Alle Warnungen des renommierten Beratungsunternehmens KPMG nützten nichts. Armeechef Thomas Süssli hat am 4. November entschieden, die Variante mit (gemäss KPMG) «höchstem Risikograd» weiterzuverfolgen und das neue System zur Überwachung des militärischen Luftraums SkyView in die Neue Digitalisierungsplattform (NDP) der Schweizer Armee zu integrieren.
Nur einen Tag später begründete Süssli seinen Entscheid in einem Brief an mehrere Kommissionen des Parlaments.
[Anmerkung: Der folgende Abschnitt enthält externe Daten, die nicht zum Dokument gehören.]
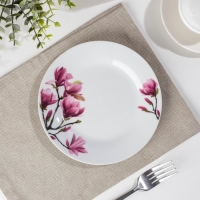 Тарелка керамическая пирожковая Доляна &laquo;Сакура&raquo;, d=17,5 см, цвет белый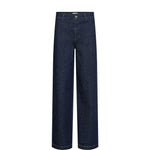 Blå wide leg jeans Nuamber fra Nümph i mørk denim set forfra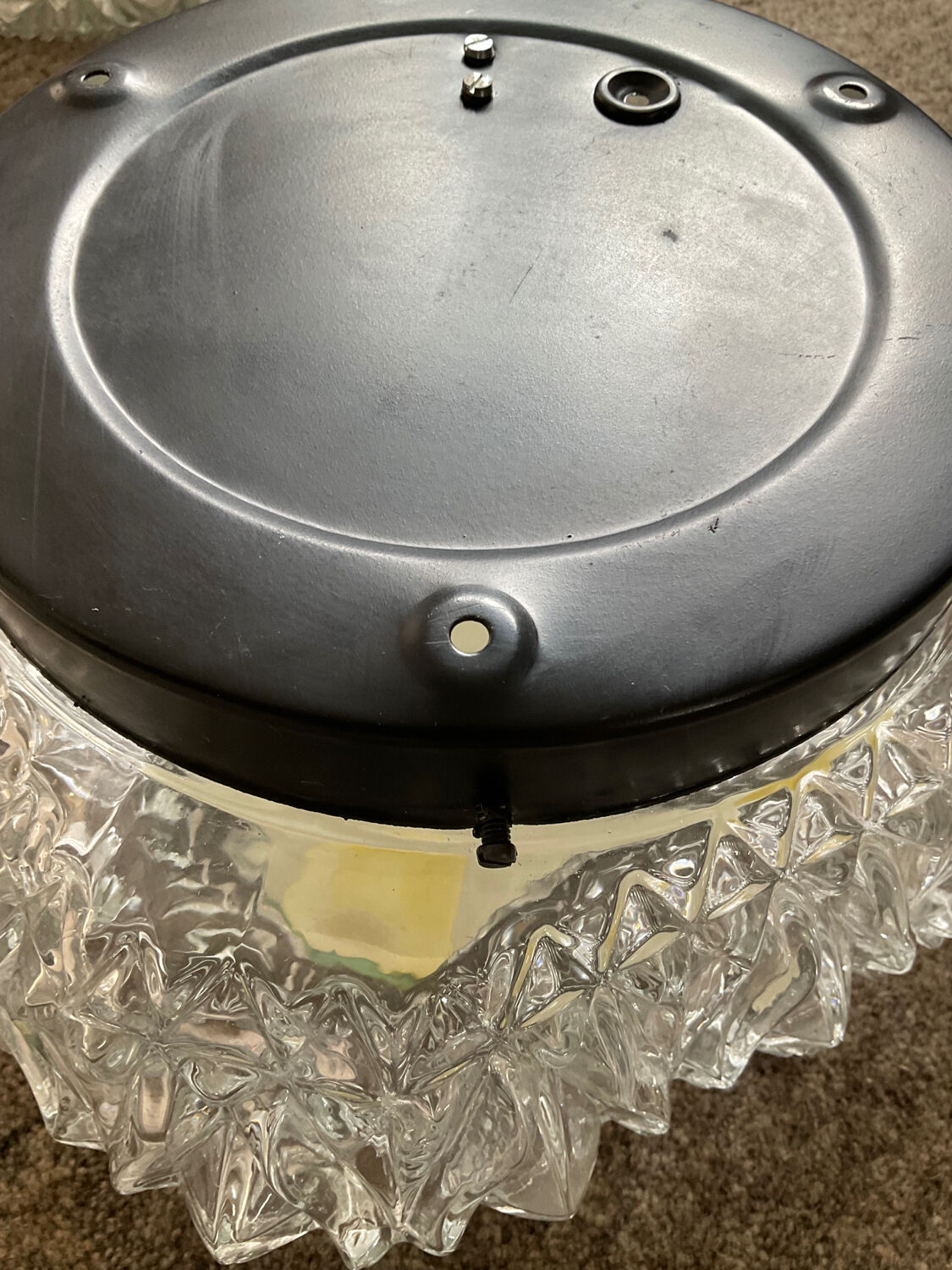 Pair of vintage 70s sconces in molded glass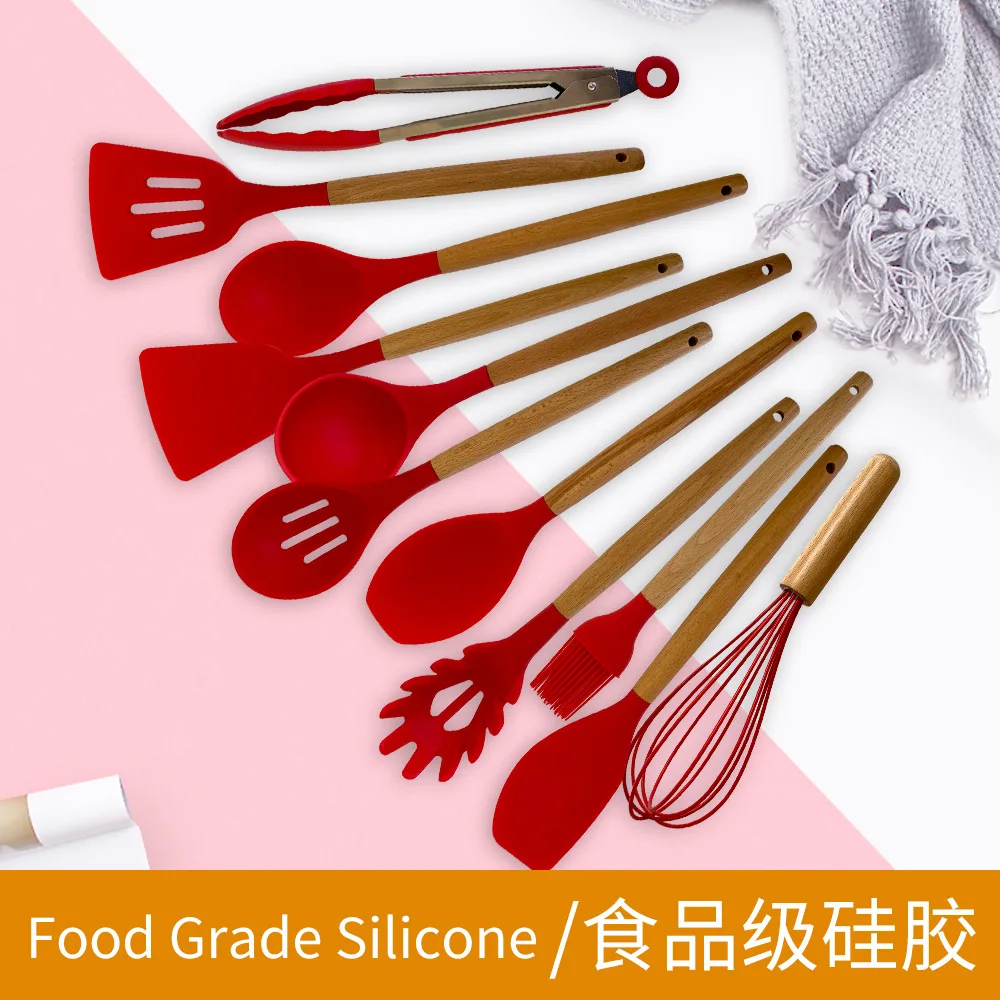 Wooden Handle Silicone Kitchenware 11PCS Set With Storage Bucket non-stick cookware special cooking spatula spoon kitchenware se
Wooden Handle Silicone Kitchenware 11PCS Set With Storage Bucket non-stick cookware special cooking spatula spoon kitchenware se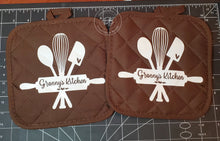 Load image into Gallery viewer, Pot Holders with Kitchen Tools Design | PERSONALIZED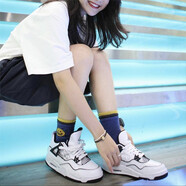 耐克（NIKE）【極速發(fā)貨】 AIR JORDAN 4 AJ4 GS 女款喬4飛人系列女子籃球鞋 DC4101-100 二次元36 36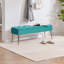 Banc polyvalent en velours capitonné avec pieds en métal doré Aghvarth -320106688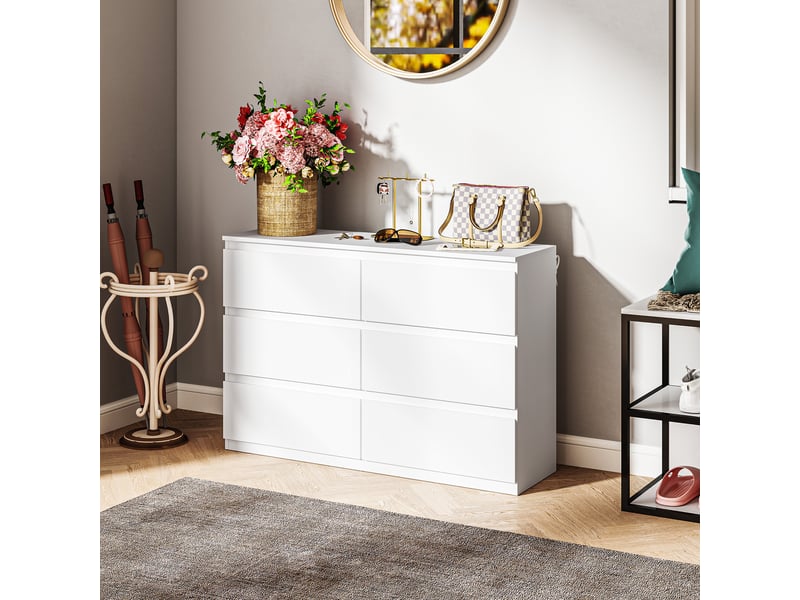  Commode à 6 tiroirs, meuble de rangement moderne pour la chambre, blanche  - Conforama D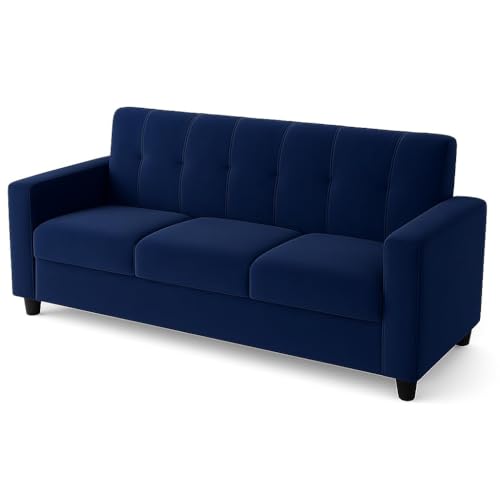 Image of FURNY Asano 3 Seater Fabric Sofa Set (Blue) | Durable Comfort | Modern Design | Ideal for Living Room
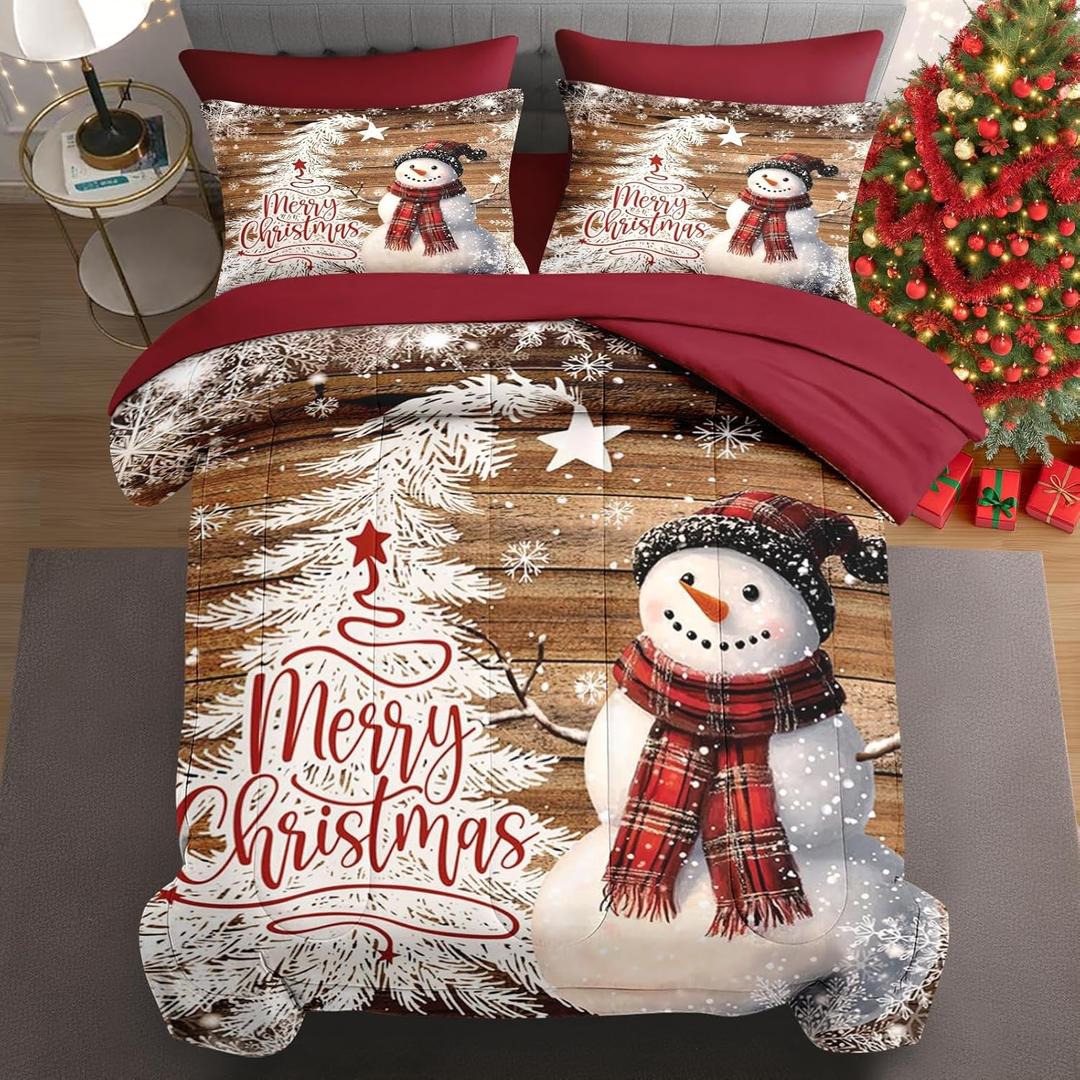 7 Pcs Queen Size Christmas Comforter Set with 2 Pillowcases & 2 Shams, Happy Snowman Bedding for Kids and Adults, White Xmas Tree Bed in a Bag with Flat Fitted Sheet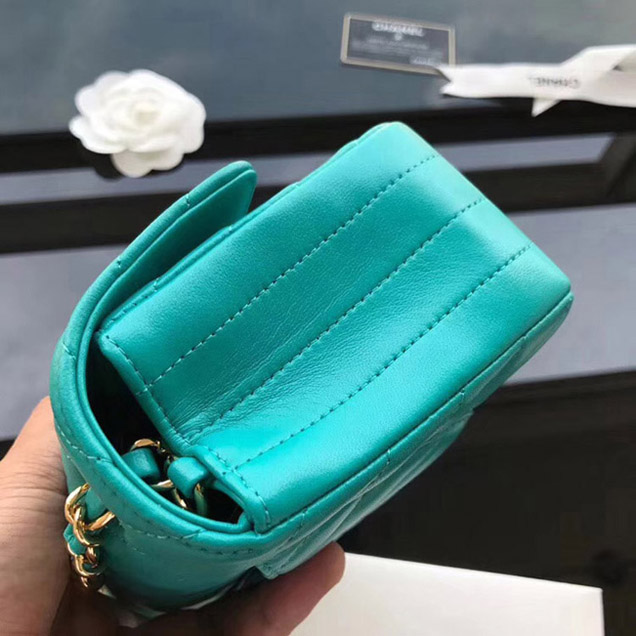 Chanel Chevron Small Flap Bag 20cm Green 2018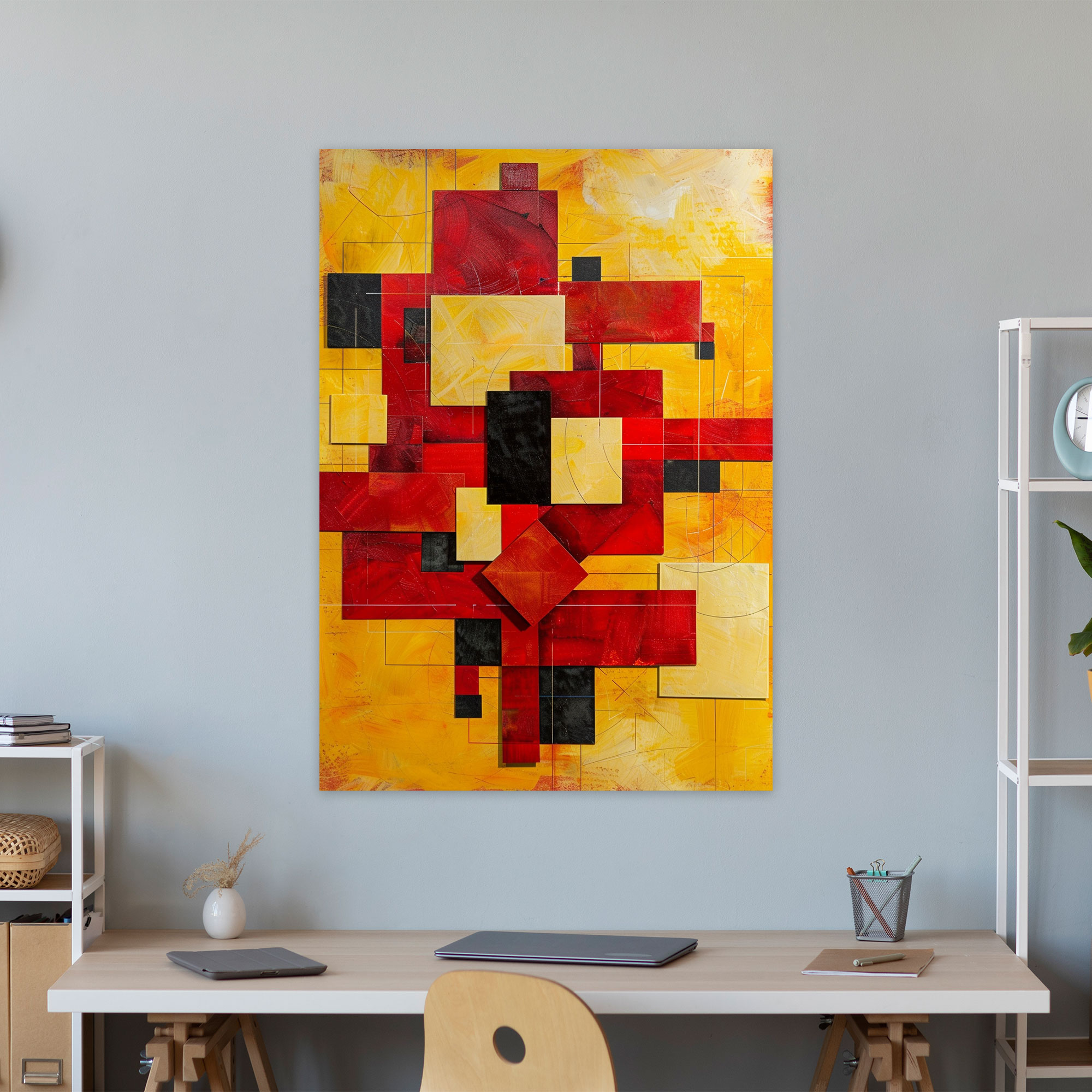 Red And Yellow Dynamic Arrangement Wall Art In Suprematism Style - Suprematism, Red And Yellow, Wall Decoration, Suprematism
Aus «verschiedenen Varianten», die man geprüft habe, seien dem zuständigen Programmausschuss deren zwei präsentiert worden. Eine davon habe ihm der Programmleiter «zur Weiterarbeit beantragt».
Nach einer Anhörung aller Mitglieder des Programmausschusses sei er diesem Antrag gefolgt, schreibt der Armeechef. Und weiter hält er fest: «Namentlich haben sich das Generalsekretariat VBS, Armasuisse, das Kommando Cyber und die Luftwaffe für diese Lösung ausgesprochen.»
Support der Luftwaffe vorgetäuscht?
Doch das Protokoll der Sitzung vom 4. November, das Radio SRF vorliegt, sagt etwas anderes. Demnach hat sich der Vertreter der Luftwaffe, der im Protokoll mit KAN abgekürzt wird, gar nicht auf eine Variante festgelegt. «KAN enthält sich einer Empfehlung», heisst es da.
Und: «Aufgrund der Risiken» scheine für den Vertreter der Luftwaffe eine andere Variante «geeigneter» als die vom Programmleiter beantragte. Die Luftwaffe vertraue darauf, dass das Kommando Cyber die am Schluss von Armeechef Süssli gewählte Variante «realisieren kann».
Hat Armeechef Süssli im Brief ans Parlament also Support der Luftwaffe vorgegaukelt, obschon es diesen gar nicht gibt? Von Radio SRF mit dem Sitzungsprotokoll konfrontiert, erklärt die Armee: «Der Chef der Armee schrieb nicht, dass die Luftwaffe den Antrag unterstütze, sondern die Lösung.»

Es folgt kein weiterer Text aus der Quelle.